Après 12 années passées à la tête du CIO, Thomas Bach tourne la page

À l'heure de confier lundi les clés du CIO à la Zimbabwéenne Kirsty Coventry, l'Allemand Thomas Bach a enrayé en douze ans la crise des candidatures à l'accueil des Jeux olympiques et laisse une institution prospère mais très centralisée.

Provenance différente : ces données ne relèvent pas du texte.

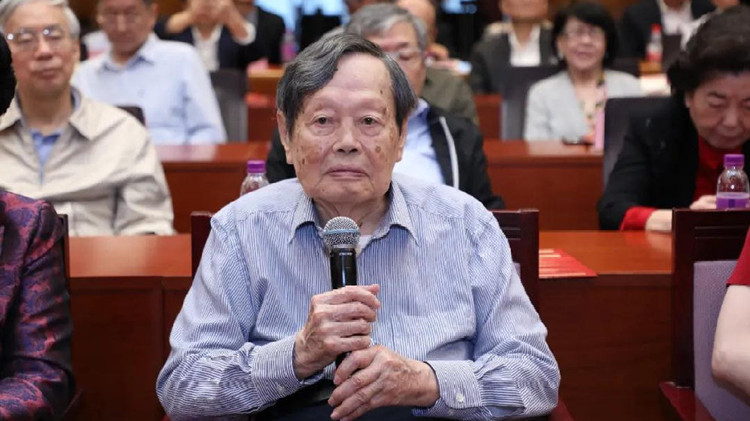 千里共同途 ！百歲楊振寧50年後回應鄧稼先期望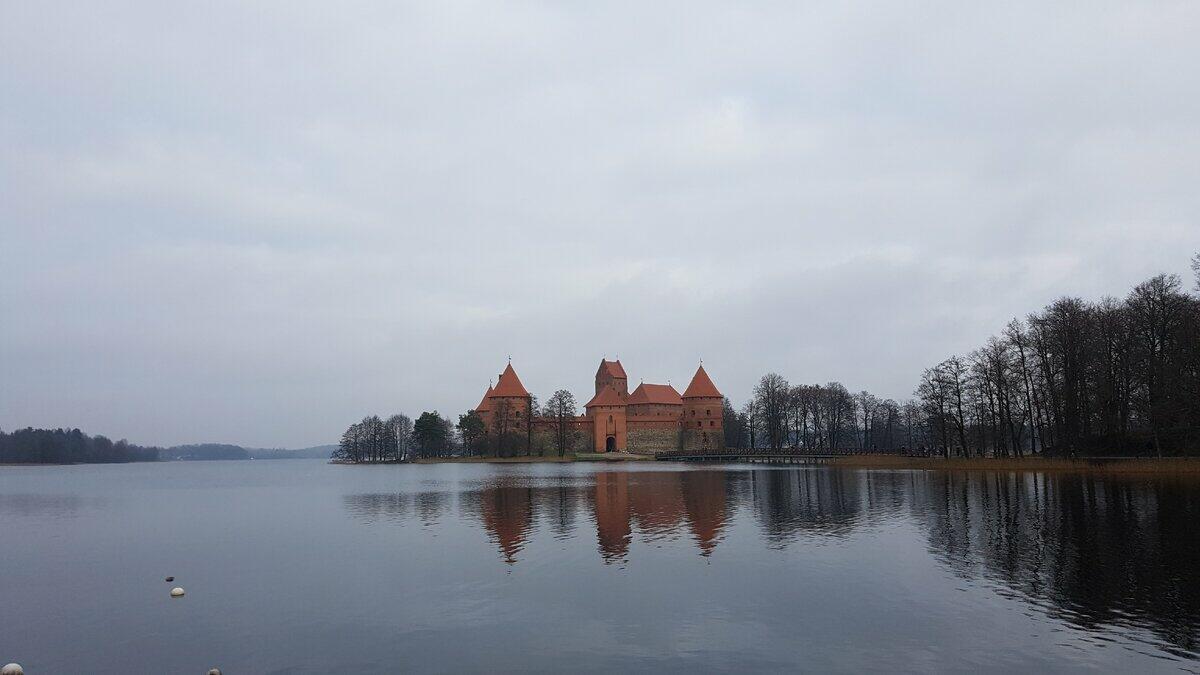 про дождь в Тракае и Прощальную Гайдна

Le Bavarois de 71 ans a beau refuser par principe de commenter son bilan, une fierté revient dans ses discours : le «nombre à deux chiffres» de territoires intéressés par l'accueil des JO d'été de 2036 et 2040, soit les premières grandes décisions au menu de Kirsty Coventry. «La grande réussite de la présidence Bach, c'est que tout le monde veut de nouveau les Jeux», résume Jean-Loup Chappelet, spécialiste de l'olympisme à l'Université de Lausanne, rappelant le net contraste avec la crise des candidatures qui a accompagné les débuts de l'Allemand à la tête de l'organisation.

Une multitude de candidats pour l’organisation des JO 2036

En 2013, Tokyo avait obtenu les JO 2020 face à Istanbul et Madrid, puis Pékin avait décroché l'édition 2022 face à la seule ville d'Almaty (Kazakhstan), et en 2017 Paris et Los Angeles s'étaient partagé les éditions 2024 et 2028 sans concurrence. Fin 2014, Bach a donc mis sur les rails une série de réformes pour rendre l'accueil des Jeux de nouveau attractif, en privilégiant les infrastructures existantes plutôt que de coûteuses constructions, et en réformant la procédure de désignation pour éviter aux recalés une humiliation publique. Et si ces tractations désormais discrètes rendent moins précis le suivi des candidatures, 2036 ouvre de nouvelles perspectives à l'instance de Lausanne : Inde, Turquie et Afrique du Sud sont officiellement sur les rangs, avec l'Indonésie, la Corée du Sud, la Hongrie et peut-être le Qatar et l'Arabie saoudite en embuscade.

Des caisses pleines

Même la pandémie de Covid-19, qui a entraîné le report d'un an des JO 2020 de Tokyo, n'a pas enrayé la croissance des recettes du CIO, et donc la redistribution de 90% d'entre elles aux comités d'organisation ainsi qu'au mouvement olympique. Début décembre, la commission des finances annonçait que 6,8 milliards de dollars (6,46 milliards d'euros) seraient distribués au titre de l'olympiade 2021-2024, une hausse de 12% par rapport au cycle précédent et de 45% par rapport à la période 2009-2012.

À l'horizon 2032, le CIO a «déjà sécurisé des revenus commerciaux de 13,5 milliards de dollars», soit 7,3 milliards jusqu'aux JO 2028 de Los Angeles et déjà 6,2 milliards pour l'olympiade suivante, qui se terminera par les JO 2032 de Brisbane en Australie. Le modèle économique de l'institution devra certes s'adapter - à la numérisation massive des contenus, à la concurrence d'autres sources de divertissement et au retrait de trois sponsors japonais -, mais sans que le CIO ne soit d'emblée aux abois. Pour tourner la page Bach sur une note plus flatteuse encore, l'organisation a annoncé en mars l'extension jusqu'en 2036 du contrat avec la chaîne américaine NBC Universal, son diffuseur historique aux États-Unis, pour 3 milliards de dollars sur quatre ans.

Alors d'où vient la «soif de changement» que le patron de World Athletics Sebastian Coe, adversaire malheureux de Kirsty Coventry à la succession de Thomas Bach, assure avoir perçu parmi les membres du CIO ? Sous la présidence de l'Allemand, la commission exécutive qu'il dirige - composée de quatre vice-présidents et dix autres élus - a concentré à huis clos toutes les décisions délicates, de la gestion des sportifs russes après l'invasion de l'Ukraine à la présélection de l'hôte des JO 2030, 2032 et 2034, alors que la session n'a fait qu'entériner à la quasi-unanimité, le plus souvent sans le moindre débat public. Adepte d'une gouvernance plus partagée, Kirsty Coventry a choisi cette semaine de décaler sa première commission exécutive - à mercredi et jeudi -, pour entamer son mandat par «un jour et demi» de consultations avec la centaine de membres du CIO, pour définir ensemble «une nouvelle feuille de route».